OceanBase Database uses an optimized version of Paxos, namely, Multi-Paxos, to implement multi-replica data synchronization and cluster high availability (HA).
Working principle of Paxos
For more information about the working principle of Paxos, see the content in Paxos Made Simple.
Relationship between the Paxos and election protocols of OceanBase Database
The Paxos and election protocols of OceanBase Database form the log synchronization protocol (log service). The two protocols are correlated to some extent but are loosely coupled in implementation.
The election protocol selects a leader among multiple replicas and ensures the validity of the leader by using the Lease mechanism. The log service advances the Multi-Paxos state machine based on the leader, restores unconfirmed logs, and starts to provide services after the restore.
Avoid split-brain by using Paxos
What is split-brain?
In the context of primary/standby synchronous disaster recovery solution of traditional database services, if the system performs as expected, the primary node (also called the master) provides data read and write services, and other nodes serve as standby nodes (also called slaves) to synchronize data as logs from the primary node for disaster recovery.
You may encounter one of the following situations when a system exception occurs, depending on whether network partitioning is involved:
The primary node maintains a valid connection to the application server in the same IDC and continues to serve as the primary node to provide data read and write services.
A network failure is detected on the primary node. In this case, the engineer responsible for making disaster recovery decisions or the automated management tool attempts to escalate a standby node as the new primary node to provide data read and write services.
As a result, two or more primary nodes exist, and multiple writes exist at the same time, seriously reducing data correctness. This phenomenon is called split-brain.
How to avoid split-brain?
OceanBase Database implements the HA election and log synchronization protocols based on Paxos to ensure data security and service continuity.
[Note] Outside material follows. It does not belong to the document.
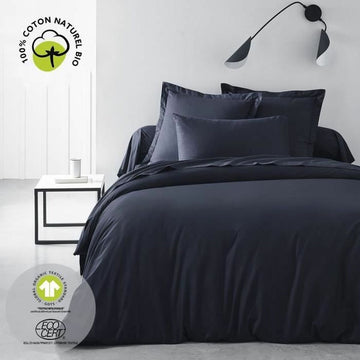 Marineblauer Kissenbezug auf einem Bett. Glatte, hochwertige Baumwolle für ein luxuriöses Schlaferlebnis.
In Paxos, a decision is made only after being agreed on by the majority of nodes.
The HA election protocol of OceanBase Database makes sure that a node can become a primary node to provide read and write services only after being recognized by the majority of nodes. In a node set, every two majorities are intersected. This avoids the existence of two primary nodes at the same time.
After a node is elected as the primary node, the service continuity is ensured based on the Lease mechanism.
When a minority of standby nodes are down, the services of the primary node are not affected.
In the event of a primary node failure or network partitioning, the majority of standby nodes wait for the lease to expire. When the lease expires, the original primary node no longer provides read and write services. OceanBase Database automatically elects a new primary node among the remaining nodes to provide services.
Based on the log synchronization protocol of OceanBase Database, the persistence of the data to be written must be complete on the majority of nodes. In the typical deployment mode of three IDCs in the same city, a transaction is committed only after the persistence log of this transaction is synchronized to at least two IDCs.
When a minority of standby nodes are down, the services of the primary node remain unaffected without data loss.
In the event of a primary node failure or network partitioning, the remaining nodes still store complete data. The HA election protocol elects a new primary node. The new primary node executes the restore process to restore complete data from the remaining nodes, and starts to provide services. The entire process is automated.
OceanBase Database avoids split-brain and ensures data security and service continuity by using the HA election and log synchronization protocols implemented based on Paxos.